Renal clearance of unchanged drug makes the overwhelming contribution to the elimination of fluconazole (approximately 80%) [4]. The lower clearance of fluconazole in HIV seropositive people indicates that renal elimination is decreased with HIV infection and that as immunosuppression progresses, renal elimination is further compromised. Importantly, in all HIV seropostive subjects in our previous pharmacokinetic study [1], the predicted creatinine clearance, calculated from the serum concentration of creatinine using a standard nomogram including age, weight and sex [5] was within the normal range and did not suggest that the renal handling of fluconazole would be impaired. A number of researchers have found that available nomograms overestimate the measured creatinine clearance in people with HIV [6–8].

Therefore methods which can predict renal drug handling better than the classical estimation of creatinine clearance are needed to predict accurately dosage requirements.

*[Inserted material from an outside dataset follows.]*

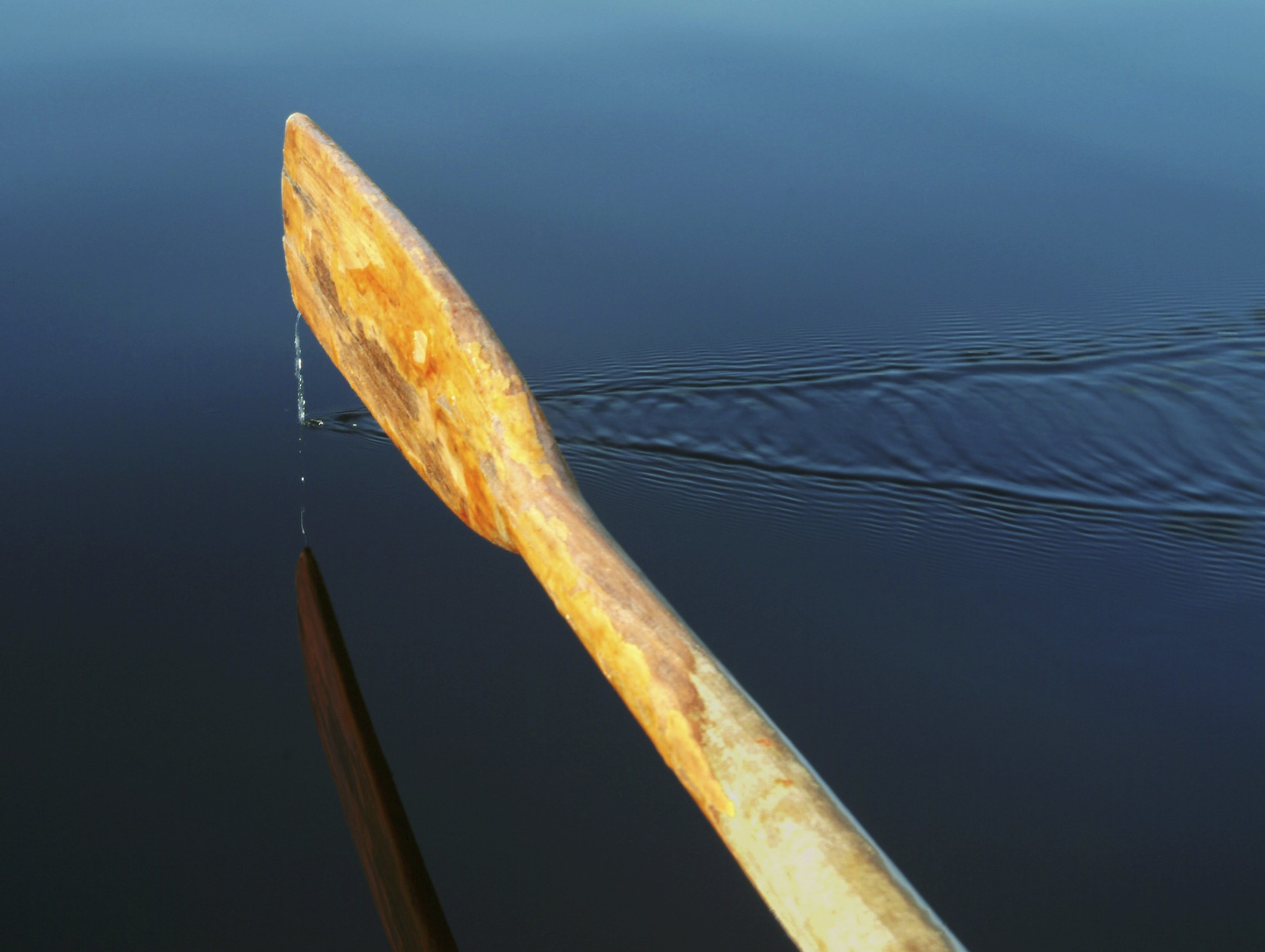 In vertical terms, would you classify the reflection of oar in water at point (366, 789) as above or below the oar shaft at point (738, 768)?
below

Ideally to study renal drug handling all mechanisms contributing to the renal excreton of therapeutic drugs should be characterized, i.e. glomerular filtration, tubular secretion and tubular reabsorption [9].

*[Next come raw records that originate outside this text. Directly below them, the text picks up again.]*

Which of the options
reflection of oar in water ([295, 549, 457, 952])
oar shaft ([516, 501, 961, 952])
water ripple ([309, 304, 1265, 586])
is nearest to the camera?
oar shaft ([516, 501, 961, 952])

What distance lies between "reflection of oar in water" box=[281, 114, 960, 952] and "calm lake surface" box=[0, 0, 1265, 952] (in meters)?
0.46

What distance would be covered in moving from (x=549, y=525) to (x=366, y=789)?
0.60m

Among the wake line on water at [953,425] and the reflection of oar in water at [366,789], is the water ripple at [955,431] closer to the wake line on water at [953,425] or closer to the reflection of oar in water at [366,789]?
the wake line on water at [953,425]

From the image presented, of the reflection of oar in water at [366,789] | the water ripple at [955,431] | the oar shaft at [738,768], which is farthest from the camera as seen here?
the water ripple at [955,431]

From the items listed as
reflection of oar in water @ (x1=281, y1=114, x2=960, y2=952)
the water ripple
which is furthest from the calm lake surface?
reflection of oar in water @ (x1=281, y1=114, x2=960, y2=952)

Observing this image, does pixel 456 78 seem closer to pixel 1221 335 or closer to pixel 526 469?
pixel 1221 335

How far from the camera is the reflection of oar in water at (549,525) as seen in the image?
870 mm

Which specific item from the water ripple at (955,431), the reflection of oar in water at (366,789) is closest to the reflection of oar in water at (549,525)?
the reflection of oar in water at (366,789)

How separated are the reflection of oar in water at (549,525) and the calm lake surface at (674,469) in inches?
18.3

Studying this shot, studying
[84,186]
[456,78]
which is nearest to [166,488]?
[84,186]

The present study has coadministered markers for each of these renal elimination processes: sinistrin, a compound closely related to inulin, to measure glomerular filtration [10, 11], p-aminohippurate sodium (PAH) to measure renal plasma flow and net tubular anion secretion [12–14], pindolol (as a racemic mixture) to measure net tubular cation secretion [15, 16] and fluconazole as an indicator of reabsorption [4]. It is a requirement for using such a cocktail of markers that they be safe and that the components should not interact. This study has been performed in healthy subjects with normal renal function to quantify each of these pathways and to ascertain whether it is possible to administer these markers concomitantly without altering the pharmacokinetics, in particular the renal clearance, of any individual compound.

Fluconazole (F): 100 mg capsule (Diflucan^R, Pfizer, Sydney, Australia) orally.

Markers (M): Sinistrin 2500 mg (Inutest^R, Laevosan, Linz, Austria) administered as a slow intravenous injection over 30 s followed by PAH 440 mg (Aminohippurate Sodium USP; Merck, Sharp and Dohme, West Point, PA, USA) administered as a slow bolus injection over 1 min and rac-pindolol 15 mg (Visken^R, Sandoz, Australia, i.e. 7.5 mg of each pindolol enantiomer) orally. This combination has previously been shown not to interact [17, 18].

Markers and Fluconazole (F + M): Fluconazole 100 mg orally plus PAH 440 mg intravenously, sinistrin 2500 mg intravenously and rac-pindolol 15 mg orally as described above.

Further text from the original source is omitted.